Buried Within by Rosie Alice is an updated, rewritten version of The Hallows Boys and The Hallows Queen, a dark why choose romance duet originally published in 2022.
This new version, consolidated into one book, is just as kinky and twisty as the original duet, but reimagines the characters as older college students with some minor plot changes that make the story clearer and more streamlined.
After Sage Lindman’s parents die in a car accident, she’s forced to transfer from UCLA to Blackmore University in Georgia, thanks to the unexpected terms of her parents’ will.
Sage is the new girl on campus, and all eyes are on her, including those of the Hallows Boys, the three intimidating bad boys who seem to rule the school.
The Hallows Boys — Kaiden, Vincent, and Beckham — need a Hallows Girl, someone to participate in the Hallows Games, a yearly ritual played out every Halloween in the cemetery. As soon as they lay eyes on Sage, they know she’s the one.
The Hallows Games unlock a whole new side of Sage, and bring to light long-buried secrets. Sage will stop at nothing to find out who she really is, through every betrayal, no matter the danger.
These men are trouble, all bad boy confidence and arrogance. The three love interests fit into very classic why choose character profiles, and it works for them.
They make me feel worshiped and wanted, rejected and hated, hopeless and hopeful. They make my head pound, my heart ache, my mind melt. They ruin me and fix me.
Sage and her guys have the kind of character depth that comes from traumatic experiences, and they are definitely morally grey, tipping into morally reprehensible in moments.
The romance in this book is kinky and dark, and while there is a whole intricate plot in Buried Within, the sex is an equally essential piece of this story. I was pleased to find that the most memorable spice scenes were left the way they were in the original duet, still all twisted and tortured and hot.

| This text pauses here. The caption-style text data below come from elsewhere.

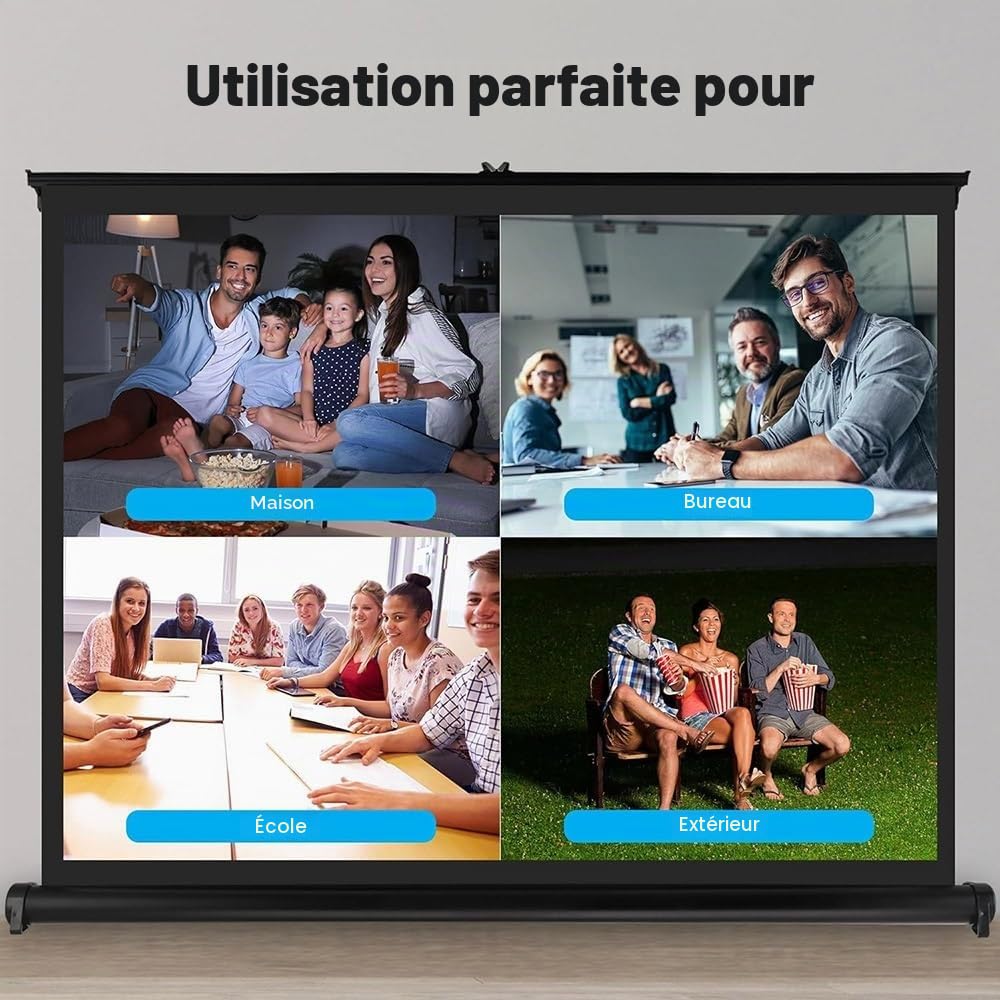 Écran De Projection HD 16:9 50/60/72 Pouces Écran De Projecteur Rétractable Écrans De Cinéma Extérieurs Écran D'affichage Public Mural(16:9,50inch)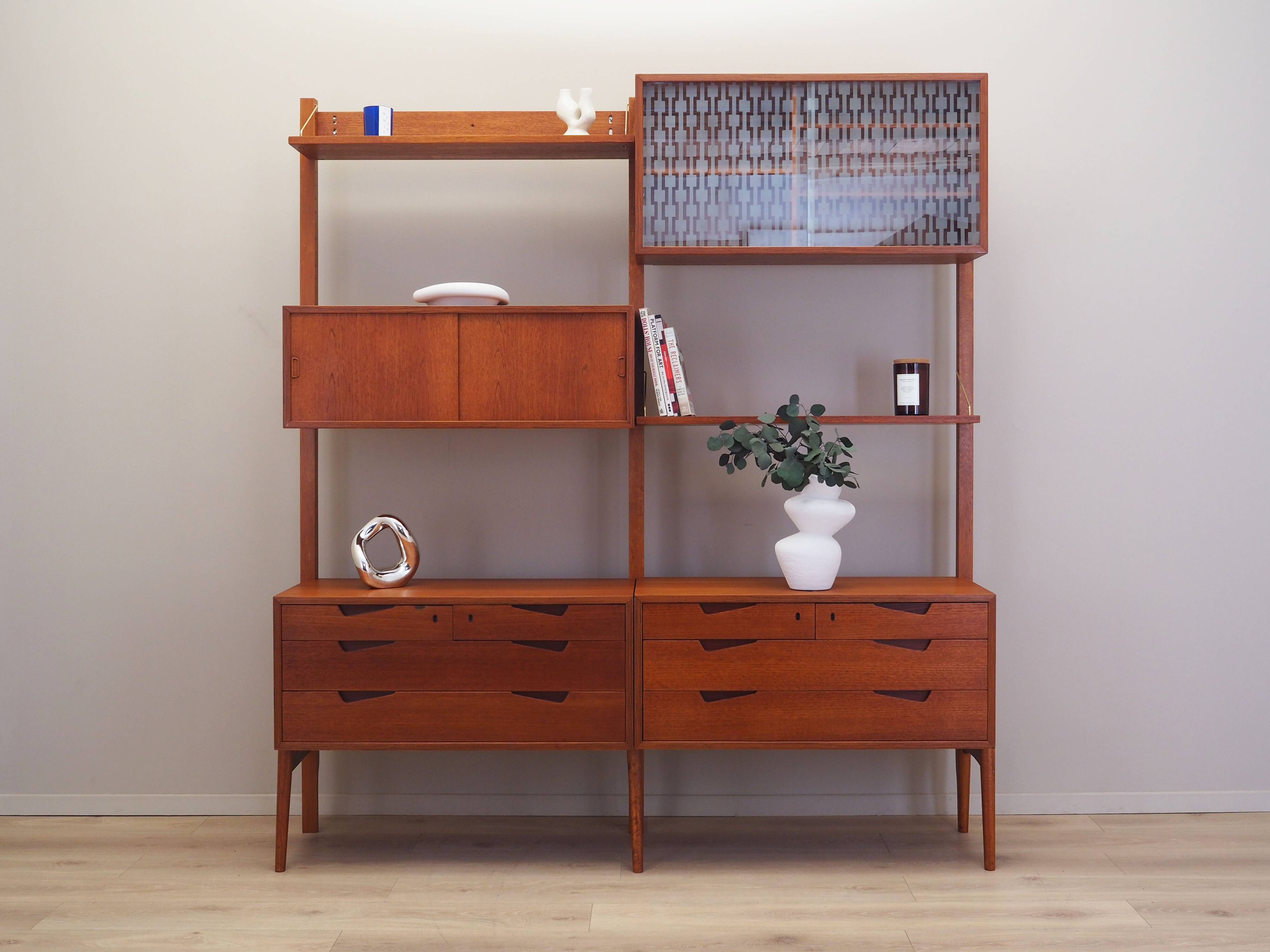Teak wall unit, Norwegian design, 1960s, designer: Kjell Riise, production: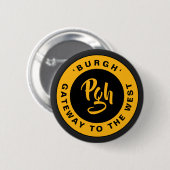 Pgh Yinzer Clasp Custom Black Gold Retro Button (Vorne & Hinten)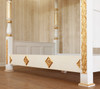 Ornate Antique Cream/Gold Four Post Canopy Bed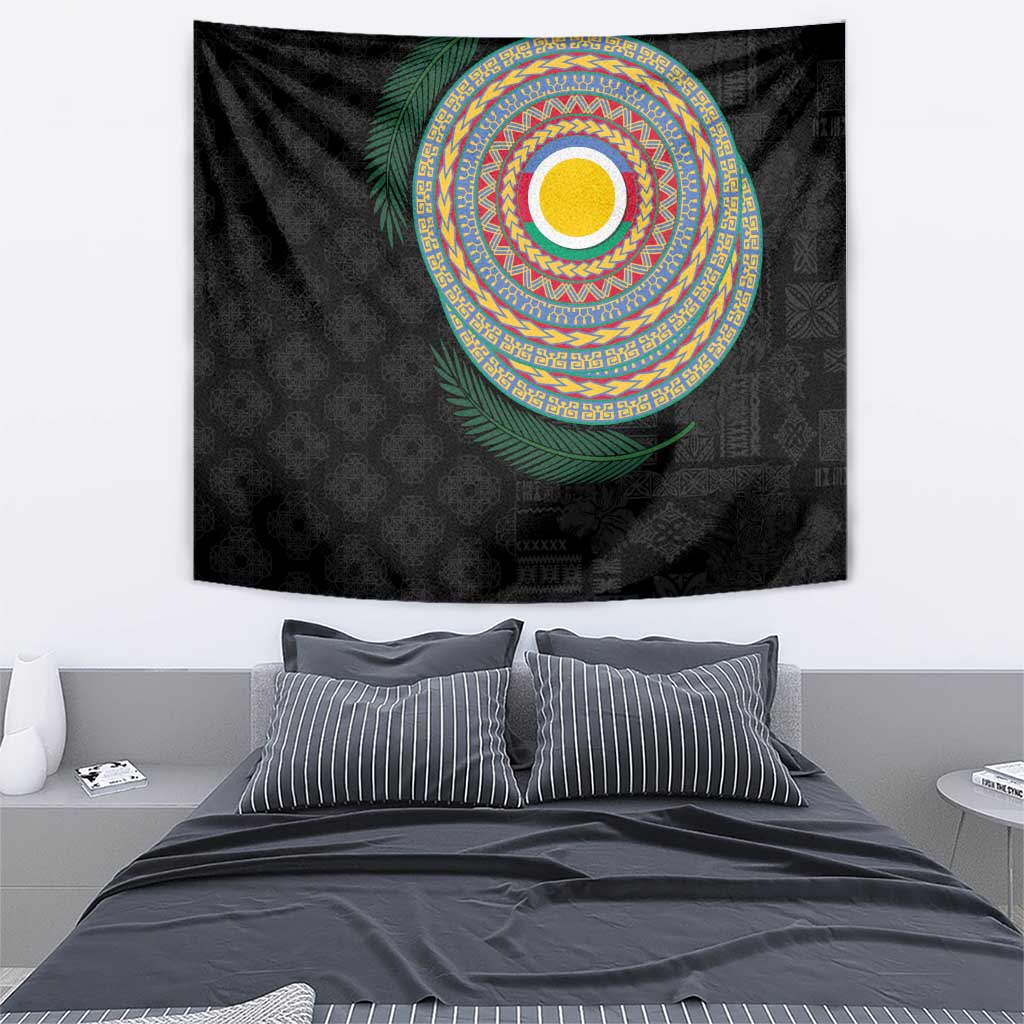 Shefa Tribal Tattoo with Namele Leaves Tapestry LT03 - Polynesian Pride
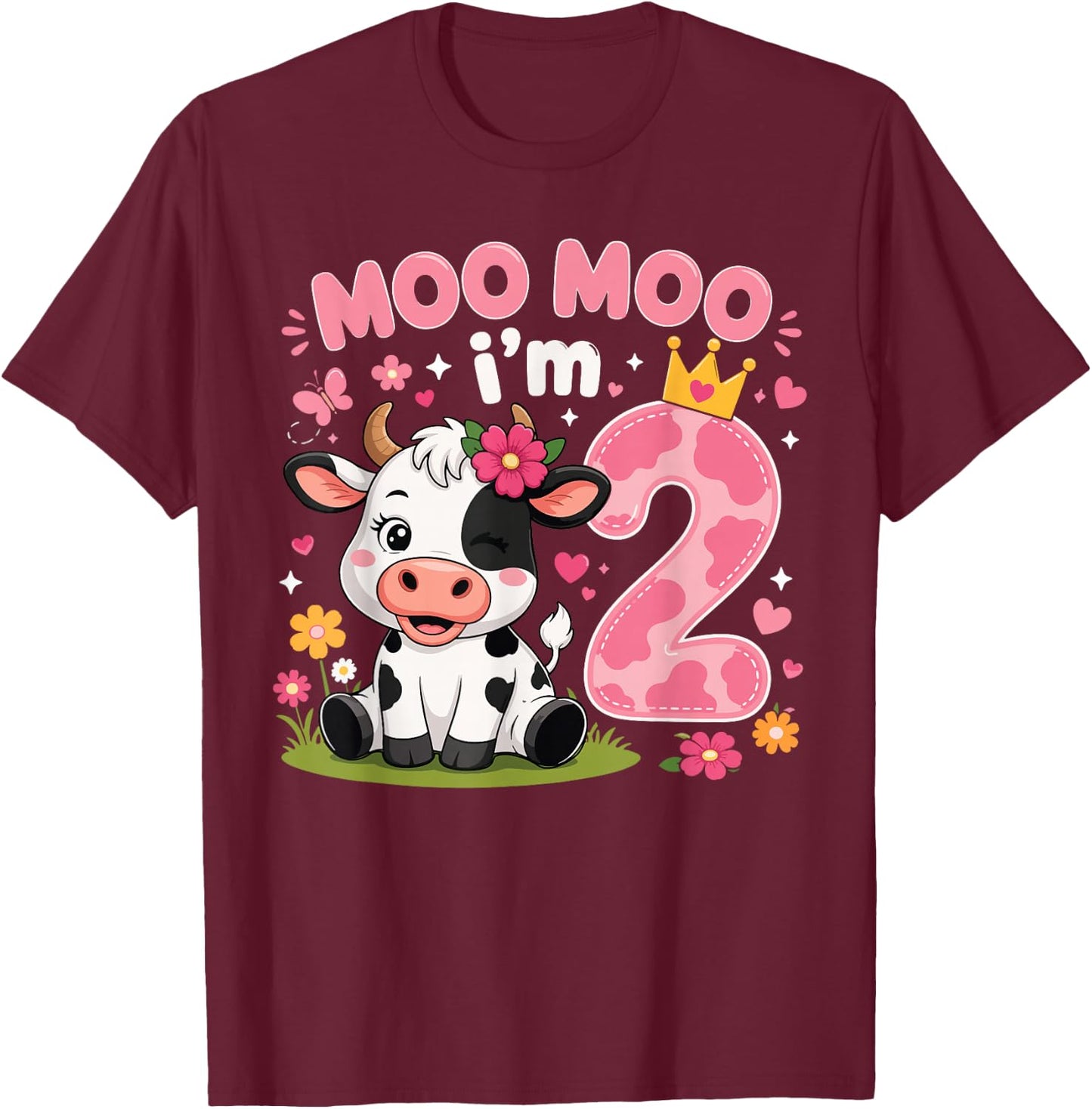 Moo Moo I'm Two 2nd Birthday Cute Cow T-Shirt - T-Shirt | Maroon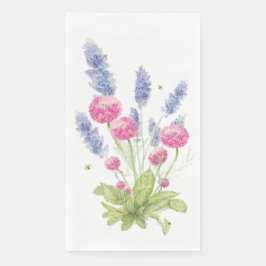 Rosa och Lavender Flowers Guest Napkins Pappersservett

This story is dark and steeped in drama. Blackmore, Georgia, is an incredibly strange place, with something ominous under the surface. This book feels like a CW drama meets a horror movie with a lot of kink folded in, and it’s glorious.
While lots stayed the same, the writing improved. The flow is better, and it’s more descriptive and more detailed. It’s a lengthy book, but it doesn’t feel that way, with a pace that keeps pages flipping.
As much as I loved the first duet, Buried Within is a definite improvement. It dials up the emotional intensity and the raw passion, while leaving all the phenomenal spice and mysterious plot points intact.